(Short text fragments from websites)
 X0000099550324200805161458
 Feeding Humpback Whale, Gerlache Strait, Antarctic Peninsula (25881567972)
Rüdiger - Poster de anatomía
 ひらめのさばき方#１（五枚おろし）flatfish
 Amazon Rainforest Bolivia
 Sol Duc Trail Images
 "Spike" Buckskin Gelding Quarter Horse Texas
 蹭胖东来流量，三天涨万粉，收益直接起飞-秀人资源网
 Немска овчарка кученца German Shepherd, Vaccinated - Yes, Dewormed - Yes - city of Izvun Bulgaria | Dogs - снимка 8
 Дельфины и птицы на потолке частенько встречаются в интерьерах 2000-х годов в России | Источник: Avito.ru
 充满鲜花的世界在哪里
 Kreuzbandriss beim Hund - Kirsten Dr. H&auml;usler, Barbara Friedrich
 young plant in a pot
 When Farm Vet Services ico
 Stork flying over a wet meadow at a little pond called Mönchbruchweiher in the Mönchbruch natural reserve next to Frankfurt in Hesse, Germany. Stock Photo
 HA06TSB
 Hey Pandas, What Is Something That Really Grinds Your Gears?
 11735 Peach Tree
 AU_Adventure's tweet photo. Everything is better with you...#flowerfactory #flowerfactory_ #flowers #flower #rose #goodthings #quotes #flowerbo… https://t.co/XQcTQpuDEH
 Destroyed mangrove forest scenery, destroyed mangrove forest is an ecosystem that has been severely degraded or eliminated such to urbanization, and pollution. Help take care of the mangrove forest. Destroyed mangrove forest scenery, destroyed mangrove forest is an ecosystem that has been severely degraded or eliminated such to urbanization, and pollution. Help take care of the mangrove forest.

[Try it]
All of the data above needs to be transcribed verbatim.

[Expected answer]
 X0000099550324200805161458
 Feeding Humpback Whale, Gerlache Strait, Antarctic Peninsula (25881567972)
Rüdiger - Poster de anatomía
 ひらめのさばき方#１（五枚おろし）flatfish
 Amazon Rainforest Bolivia
 Sol Duc Trail Images
 "Spike" Buckskin Gelding Quarter Horse Texas
 蹭胖东来流量，三天涨万粉，收益直接起飞-秀人资源网
 Немска овчарка кученца German Shepherd, Vaccinated - Yes, Dewormed - Yes - city of Izvun Bulgaria | Dogs - снимка 8
 Дельфины и птицы на потолке частенько встречаются в интерьерах 2000-х годов в России | Источник: Avito.ru
 充满鲜花的世界在哪里
 Kreuzbandriss beim Hund - Kirsten Dr. H&auml;usler, Barbara Friedrich
 young plant in a pot
 When Farm Vet Services ico
 Stork flying over a wet meadow at a little pond called Mönchbruchweiher in the Mönchbruch natural reserve next to Frankfurt in Hesse, Germany. Stock Photo
 HA06TSB
 Hey Pandas, What Is Something That Really Grinds Your Gears?
 11735 Peach Tree
 AU_Adventure's tweet photo. Everything is better with you...#flowerfactory #flowerfactory_ #flowers #flower #rose #goodthings #quotes #flowerbo… https://t.co/XQcTQpuDEH
 Destroyed mangrove forest scenery, destroyed mangrove forest is an ecosystem that has been severely degraded or eliminated such to urbanization, and pollution. Help take care of the mangrove forest. Destroyed mangrove forest scenery, destroyed mangrove forest is an ecosystem that has been severely degraded or eliminated such to urbanization, and pollution. Help take care of the mangrove forest.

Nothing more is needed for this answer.